** TASK TO COMPLETE **
Every entry, from first to last, must be written out exactly.

>>>

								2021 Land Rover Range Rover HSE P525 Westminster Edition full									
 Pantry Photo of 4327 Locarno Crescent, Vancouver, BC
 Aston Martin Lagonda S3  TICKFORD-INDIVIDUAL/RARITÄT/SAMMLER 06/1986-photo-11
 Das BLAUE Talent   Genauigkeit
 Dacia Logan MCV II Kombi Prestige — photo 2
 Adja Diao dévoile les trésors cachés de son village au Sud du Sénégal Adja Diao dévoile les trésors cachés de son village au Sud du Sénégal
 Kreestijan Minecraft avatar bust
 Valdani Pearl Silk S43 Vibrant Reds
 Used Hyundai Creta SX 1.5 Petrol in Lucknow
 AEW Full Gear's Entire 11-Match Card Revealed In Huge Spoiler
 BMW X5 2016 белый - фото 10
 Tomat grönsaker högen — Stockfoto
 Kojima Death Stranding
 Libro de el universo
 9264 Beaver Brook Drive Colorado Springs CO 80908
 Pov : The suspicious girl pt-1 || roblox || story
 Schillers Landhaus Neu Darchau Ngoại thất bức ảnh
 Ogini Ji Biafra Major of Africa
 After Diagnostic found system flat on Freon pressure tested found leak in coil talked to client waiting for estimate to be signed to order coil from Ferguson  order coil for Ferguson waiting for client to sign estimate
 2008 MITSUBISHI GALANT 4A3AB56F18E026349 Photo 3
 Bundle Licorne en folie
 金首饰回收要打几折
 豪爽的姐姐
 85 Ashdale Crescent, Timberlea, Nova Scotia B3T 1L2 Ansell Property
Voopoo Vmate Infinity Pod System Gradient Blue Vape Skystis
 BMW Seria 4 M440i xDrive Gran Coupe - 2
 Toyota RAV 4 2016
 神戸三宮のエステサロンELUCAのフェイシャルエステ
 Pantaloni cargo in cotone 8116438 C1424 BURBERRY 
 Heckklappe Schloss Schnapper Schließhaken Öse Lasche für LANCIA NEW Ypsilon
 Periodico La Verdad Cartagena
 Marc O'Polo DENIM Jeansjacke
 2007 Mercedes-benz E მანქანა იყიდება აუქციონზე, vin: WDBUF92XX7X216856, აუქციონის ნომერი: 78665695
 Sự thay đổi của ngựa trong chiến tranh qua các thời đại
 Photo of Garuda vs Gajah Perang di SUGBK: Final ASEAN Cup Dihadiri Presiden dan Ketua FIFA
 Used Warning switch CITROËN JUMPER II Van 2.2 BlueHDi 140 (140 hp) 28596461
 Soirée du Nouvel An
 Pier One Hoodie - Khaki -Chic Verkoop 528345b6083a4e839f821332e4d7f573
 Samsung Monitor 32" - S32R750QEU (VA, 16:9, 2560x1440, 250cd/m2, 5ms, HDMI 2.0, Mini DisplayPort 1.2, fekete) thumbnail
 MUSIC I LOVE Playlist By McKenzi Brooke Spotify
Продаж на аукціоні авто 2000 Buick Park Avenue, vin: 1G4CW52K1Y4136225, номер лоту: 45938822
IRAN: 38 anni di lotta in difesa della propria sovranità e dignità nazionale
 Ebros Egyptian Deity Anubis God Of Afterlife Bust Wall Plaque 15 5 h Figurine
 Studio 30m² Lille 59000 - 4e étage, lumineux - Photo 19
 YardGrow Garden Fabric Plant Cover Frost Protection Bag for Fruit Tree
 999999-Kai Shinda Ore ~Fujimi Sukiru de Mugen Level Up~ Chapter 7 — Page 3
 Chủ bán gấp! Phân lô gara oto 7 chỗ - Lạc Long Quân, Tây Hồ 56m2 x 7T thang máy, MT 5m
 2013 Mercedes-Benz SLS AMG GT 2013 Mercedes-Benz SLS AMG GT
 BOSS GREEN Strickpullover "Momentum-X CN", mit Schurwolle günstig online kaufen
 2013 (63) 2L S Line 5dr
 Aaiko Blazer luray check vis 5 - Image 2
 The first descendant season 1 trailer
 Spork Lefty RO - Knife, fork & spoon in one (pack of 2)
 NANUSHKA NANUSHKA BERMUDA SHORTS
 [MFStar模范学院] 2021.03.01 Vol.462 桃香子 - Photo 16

<<<

** EXERCISE OUTPUT **
								2021 Land Rover Range Rover HSE P525 Westminster Edition full									
 Pantry Photo of 4327 Locarno Crescent, Vancouver, BC
 Aston Martin Lagonda S3  TICKFORD-INDIVIDUAL/RARITÄT/SAMMLER 06/1986-photo-11
 Das BLAUE Talent   Genauigkeit
 Dacia Logan MCV II Kombi Prestige — photo 2
 Adja Diao dévoile les trésors cachés de son village au Sud du Sénégal Adja Diao dévoile les trésors cachés de son village au Sud du Sénégal
 Kreestijan Minecraft avatar bust
 Valdani Pearl Silk S43 Vibrant Reds
 Used Hyundai Creta SX 1.5 Petrol in Lucknow
 AEW Full Gear's Entire 11-Match Card Revealed In Huge Spoiler
 BMW X5 2016 белый - фото 10
 Tomat grönsaker högen — Stockfoto
 Kojima Death Stranding
 Libro de el universo
 9264 Beaver Brook Drive Colorado Springs CO 80908
 Pov : The suspicious girl pt-1 || roblox || story
 Schillers Landhaus Neu Darchau Ngoại thất bức ảnh
 Ogini Ji Biafra Major of Africa
 After Diagnostic found system flat on Freon pressure tested found leak in coil talked to client waiting for estimate to be signed to order coil from Ferguson  order coil for Ferguson waiting for client to sign estimate
 2008 MITSUBISHI GALANT 4A3AB56F18E026349 Photo 3
 Bundle Licorne en folie
 金首饰回收要打几折
 豪爽的姐姐
 85 Ashdale Crescent, Timberlea, Nova Scotia B3T 1L2 Ansell Property
Voopoo Vmate Infinity Pod System Gradient Blue Vape Skystis
 BMW Seria 4 M440i xDrive Gran Coupe - 2
 Toyota RAV 4 2016
 神戸三宮のエステサロンELUCAのフェイシャルエステ
 Pantaloni cargo in cotone 8116438 C1424 BURBERRY 
 Heckklappe Schloss Schnapper Schließhaken Öse Lasche für LANCIA NEW Ypsilon
 Periodico La Verdad Cartagena
 Marc O'Polo DENIM Jeansjacke
 2007 Mercedes-benz E მანქანა იყიდება აუქციონზე, vin: WDBUF92XX7X216856, აუქციონის ნომერი: 78665695
 Sự thay đổi của ngựa trong chiến tranh qua các thời đại
 Photo of Garuda vs Gajah Perang di SUGBK: Final ASEAN Cup Dihadiri Presiden dan Ketua FIFA
 Used Warning switch CITROËN JUMPER II Van 2.2 BlueHDi 140 (140 hp) 28596461
 Soirée du Nouvel An
 Pier One Hoodie - Khaki -Chic Verkoop 528345b6083a4e839f821332e4d7f573
 Samsung Monitor 32" - S32R750QEU (VA, 16:9, 2560x1440, 250cd/m2, 5ms, HDMI 2.0, Mini DisplayPort 1.2, fekete) thumbnail
 MUSIC I LOVE Playlist By McKenzi Brooke Spotify
Продаж на аукціоні авто 2000 Buick Park Avenue, vin: 1G4CW52K1Y4136225, номер лоту: 45938822
IRAN: 38 anni di lotta in difesa della propria sovranità e dignità nazionale
 Ebros Egyptian Deity Anubis God Of Afterlife Bust Wall Plaque 15 5 h Figurine
 Studio 30m² Lille 59000 - 4e étage, lumineux - Photo 19
 YardGrow Garden Fabric Plant Cover Frost Protection Bag for Fruit Tree
 999999-Kai Shinda Ore ~Fujimi Sukiru de Mugen Level Up~ Chapter 7 — Page 3
 Chủ bán gấp! Phân lô gara oto 7 chỗ - Lạc Long Quân, Tây Hồ 56m2 x 7T thang máy, MT 5m
 2013 Mercedes-Benz SLS AMG GT 2013 Mercedes-Benz SLS AMG GT
 BOSS GREEN Strickpullover "Momentum-X CN", mit Schurwolle günstig online kaufen
 2013 (63) 2L S Line 5dr
 Aaiko Blazer luray check vis 5 - Image 2
 The first descendant season 1 trailer
 Spork Lefty RO - Knife, fork & spoon in one (pack of 2)
 NANUSHKA NANUSHKA BERMUDA SHORTS
 [MFStar模范学院] 2021.03.01 Vol.462 桃香子 - Photo 16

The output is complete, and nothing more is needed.